Although many Americans knew on some level that FDR used a wheelchair, the disguise was so successful that many other Americans professed their ignorance of his disability. As recently as the mid-1990s, this author encountered an individual working at an independent living center who yelped with astonishment upon learning that FDR had a disability. According to Gallagher, this was FDR's "splendid deception" because it enabled him to rise to the Presidency during a time in which everyone was convinced that no one with such a disability could even aspire to that position.

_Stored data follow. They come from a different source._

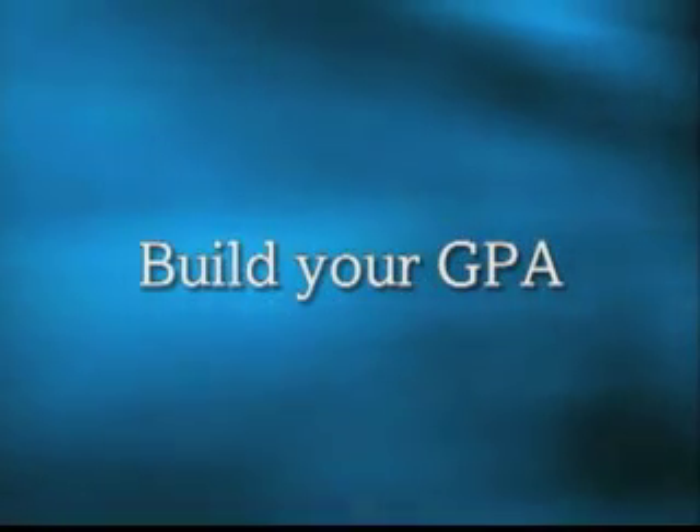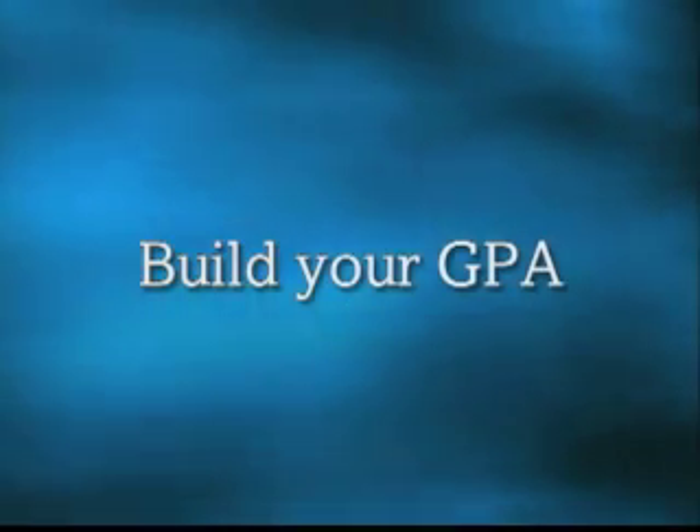Three, build your GPA so that you have about a 3.0 or better grade point average. Many universities will accept a 2.5 or 2.75 cumulative GPA, but it's best to build a strong foundation if you are planning to enter a program that is competitive.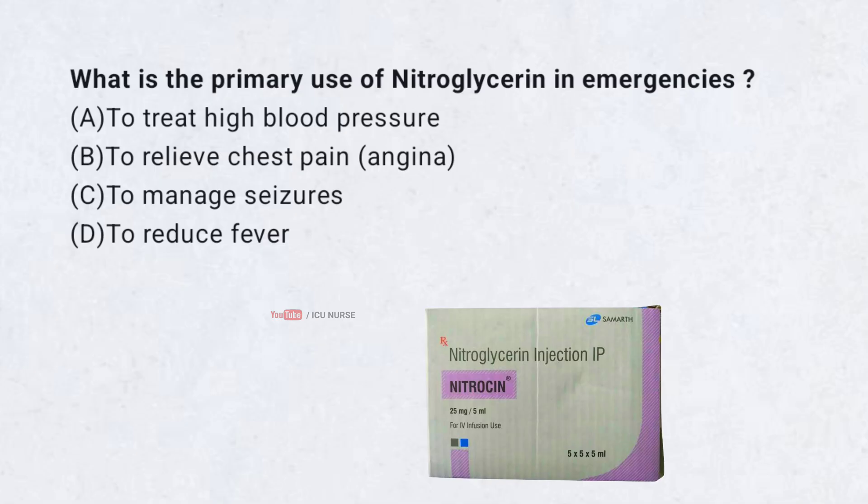What is the primary use of nitroglycerin in emergencies? A. To treat high blood pressure. B. To relieve chest pain. C. To manage seizures. D. To reduce fever.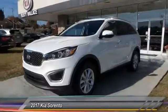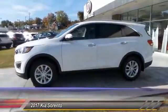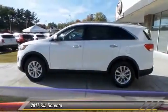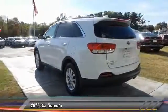2017 Sorento. The Kia Sorento is a comfortable riding, powerful, compact SUV, loaded with impressive standard features. Take one look at its stylish, sleek design and you'll want to cross over to a Sorento.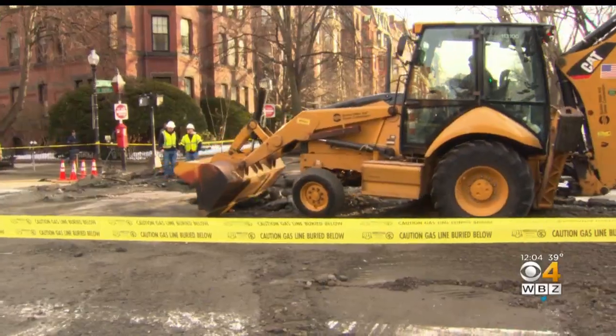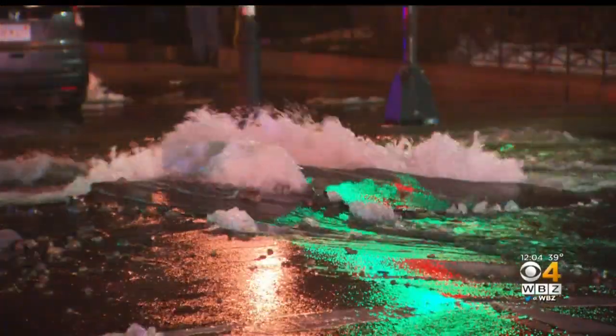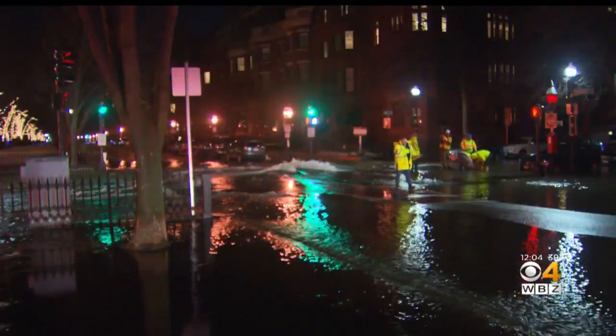Oh, this is awful. I mean, this is like the main thoroughfare here. A 16-inch water main burst just before 10 o'clock last night, flooding several streets in the Back Bay.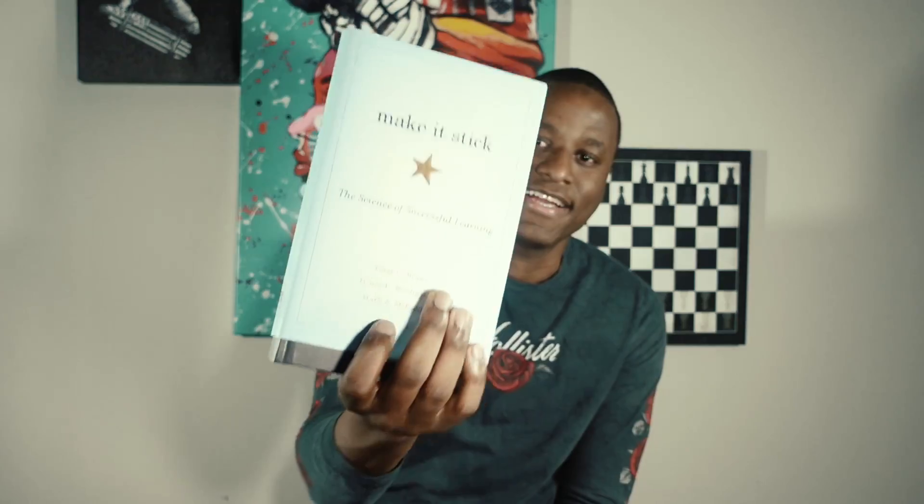Welcome back to the channel. Let's go ahead and start talking about this book. This is going to be an overview, and I'm going to talk about how I'm going to apply some of the things I've learned here to two of my exams: the AZ-104 as well as the PenTest+.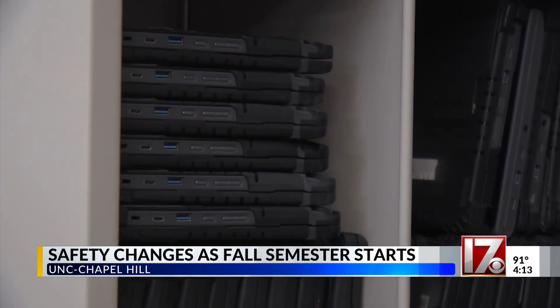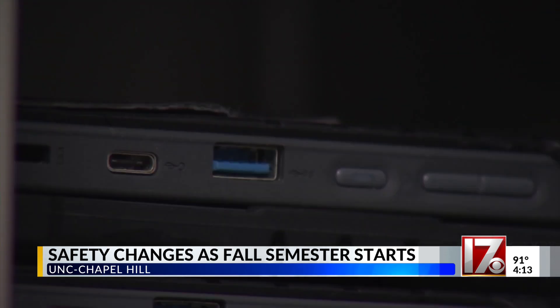Setting students up for success ahead of the start of the school year. In Apex, Brea Hollingsworth, CBS 17 News.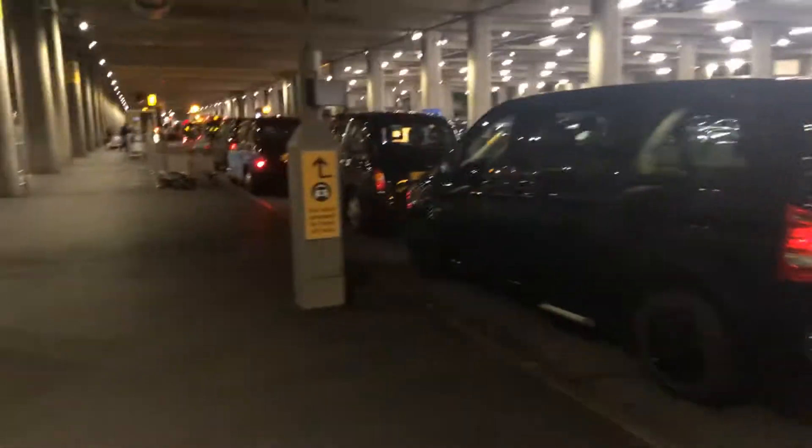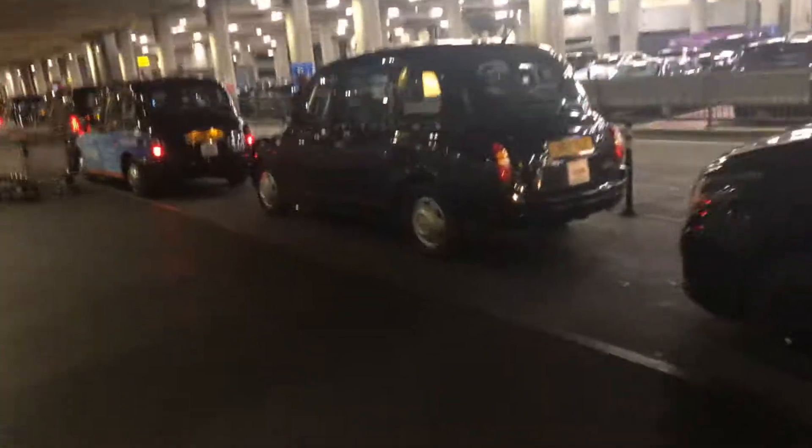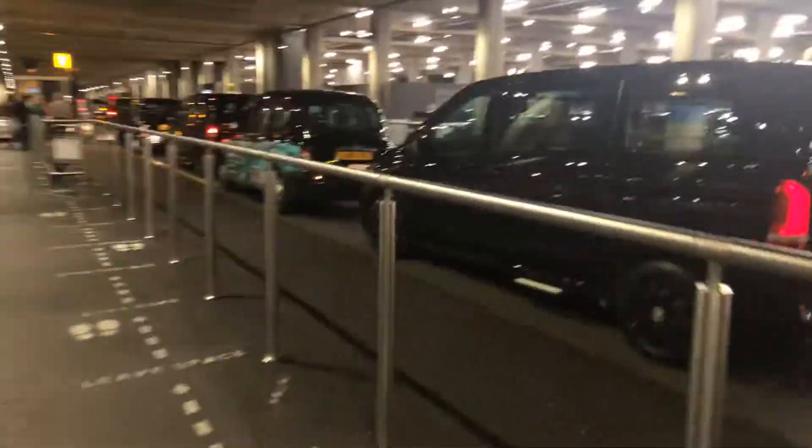London airport taxis are black cabs — yellow cabs are not here. I have to take a shuttle here to go to the hotel. This parking is on top of the parking area, and you can see there is airport parking. There are people coming, and there are also drivers of their community here.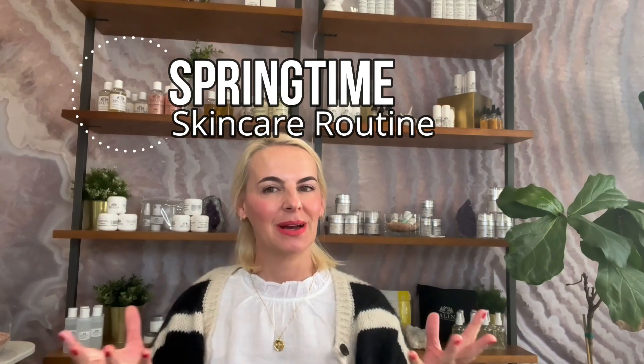Hey guys, welcome back to my channel. My name is Bella Hernandez and I'm a licensed esthetician and a holistic skincare developer. Today I want to talk to you about a very exciting topic: new season, springtime, new routine.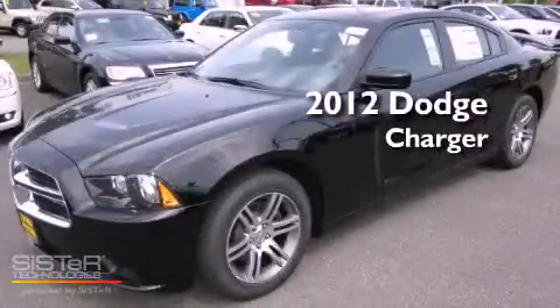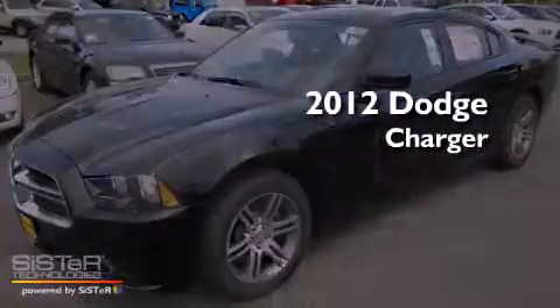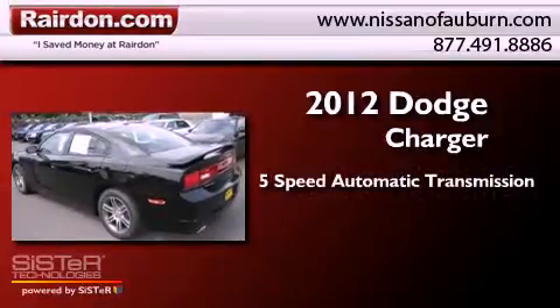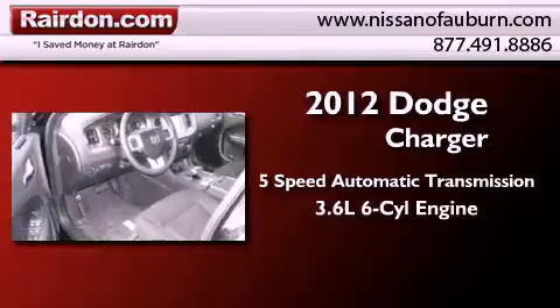This is a brand new 2012 Dodge Charger. This four-door sedan has a five-speed automatic transmission and a 3.6-liter V6.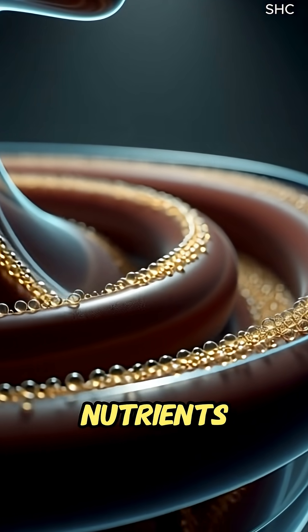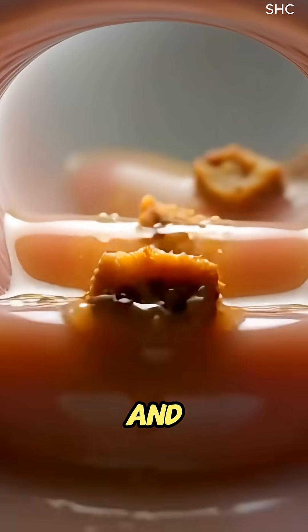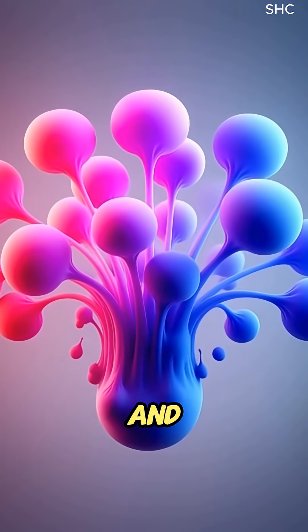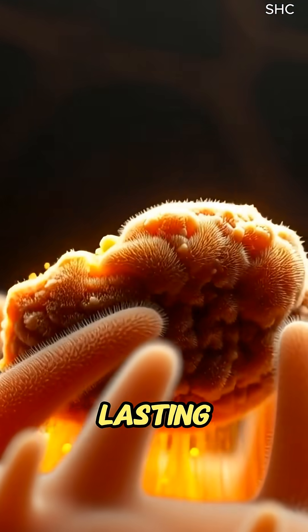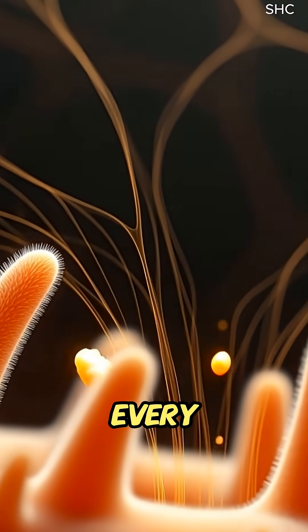These nutrients travel to the brain for steady energy, to muscles for repair, and to the gut where fiber supports a thriving microbiome and smoother digestion. The body absorbs long-lasting fuel, minerals, and plant-based benefits with every bite.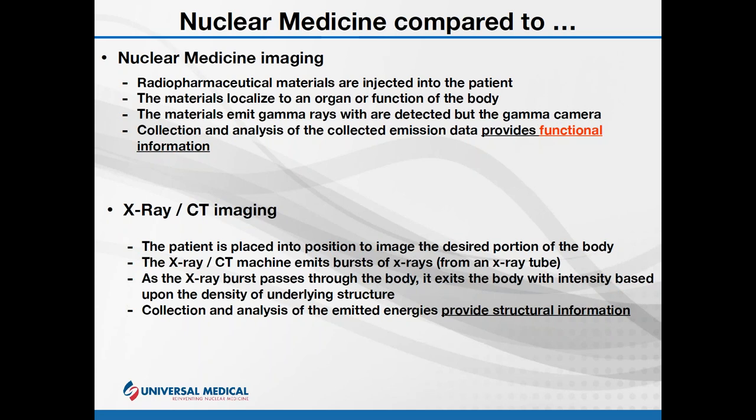For X-ray CT, you position a patient between an X-ray unit and a detection device. In CT, bursts of radiation pass through the patient and are collected by the detection device. It's essentially a shadow of dense structures — the more dense a structure, the more the X-rays are attenuated; the less dense, the less attenuated. That creates image data that is displayed and analyzed. X-ray and CT are primarily about structure.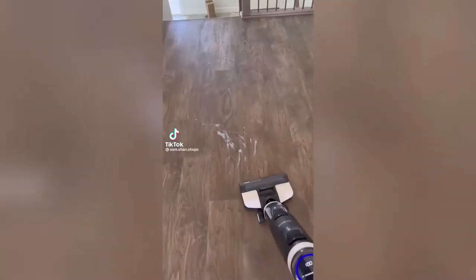Gift ideas from Amazon Canada: first is this mop vacuum that cleans wet and dry debris and spills off your floor. I use this once a week and every time I am shocked by how filthy the dirty water tank is.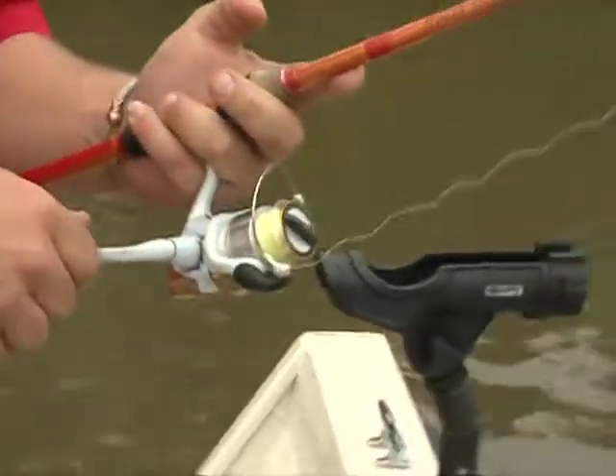I always use a Stratix Shimano reel in the 1000 series most of the time. Those are my tips for you next time you're on the lake. Good luck fishing.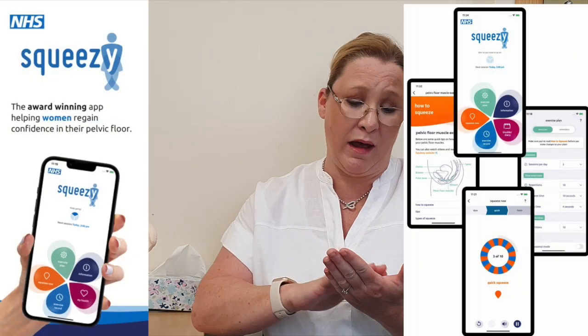One useful gadget is the NHS Squeezy app, available on any phone whether Android or Apple. You download it, set up bladder diaries, set exercise regimes, and it will send you reminders and take you through them. This is something we can talk about and explore in clinic based on your individual case. This has been broad advice because everyone watching this video has a different history, different symptoms, different birth histories, gynaecological background, and menopause stage.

What did FDR's cloaking of his paralysis and wheelchair use mean for people with disabilities? The conclusions are diverse and murky. For many people with disabilities, FDR was a hero, a person who had overcome his disability and acquired the nation's most coveted office. He developed Warm Springs into an international rehabilitation facility. There he drove his car with hand controls that some credit as the first ever designed. Even some people who do not like what FDR did to gain the Presidency believe that he had no choice: given the climate of the times he was forced to hide his disability to succeed politically. Others bemoan his massive cover-up, suggesting this meant that FDR, too, harbored his generation's beliefs about disability meaning illness and invalidism. He was unable to take his own personal situation and generalize it to others in similar circumstances. This, some argue, not only demonstrates FDR's acceptance of disability as illness, but it also contributed to future generations harboring those same beliefs. But, as we will see in the next section, FDR's ambivalence about disability not only affected future generations, but had a significant impact on people who might have been called his peers. (Brown Investigating 42-45)
THE LEAGUE OF THE PHYSICALLY HANDICAPPED
The example of the New York League of the Physically Handicapped, rediscovered by historian Paul Longmore in the late 1980s, demonstrates why many people have difficulty portraying FDR as a champion of disability rights. Like Longmore and FDR, most League members had contracted polio, though a few had cerebral palsy, tuberculosis or heart conditions. Unlike FDR, none used wheelchairs. League members came together because they believed they faced discrimination from private industry. They thought that New Deal policies, the name for the programs that FDR spearheaded to combat the Great Depression, would assist their quest for equitable employment. Instead, New Deal programs classified them as "unemployable."
Six League members went to a New York City agency in May of 1935 to discuss these discriminatory policies. When told the individual they wanted to see was out of town, some League members refused to leave. They had not planned to demonstrate, but that is what they did. Three League members remained in the building for nine days. Picketers with and without disabilities supported them outside of the building. Following three weeks of these protests, the group decided to organize formally.
Six months later, in November of 1935, they conducted a three week picket at the New York headquarters of the Works Progress Administration (WPA), one of the primary New Deal agencies for employment. They demanded that, "handicapped people receive a just share of the millions of jobs being given out by the government." As a result, the WPA hired about forty League members. Some skeptical League members believed this action was taken to squash the group, but instead it gained momentum.
In May 1936, a year after their first action, League members traveled to Washington, D.C., to meet with WPA leader Harry Hopkins. When they were informed that he was "away," they voted to stay until "Mr. Hopkins does see us."
Three days later Hopkins did meet with the group. He informed them that he didn't believe there were as many employable New Yorkers with disabilities as the League contended. He also said that he wouldn't change his mind unless he saw an analysis that disproved his belief. Then, he promised, he would take action immediately to correct these conditions.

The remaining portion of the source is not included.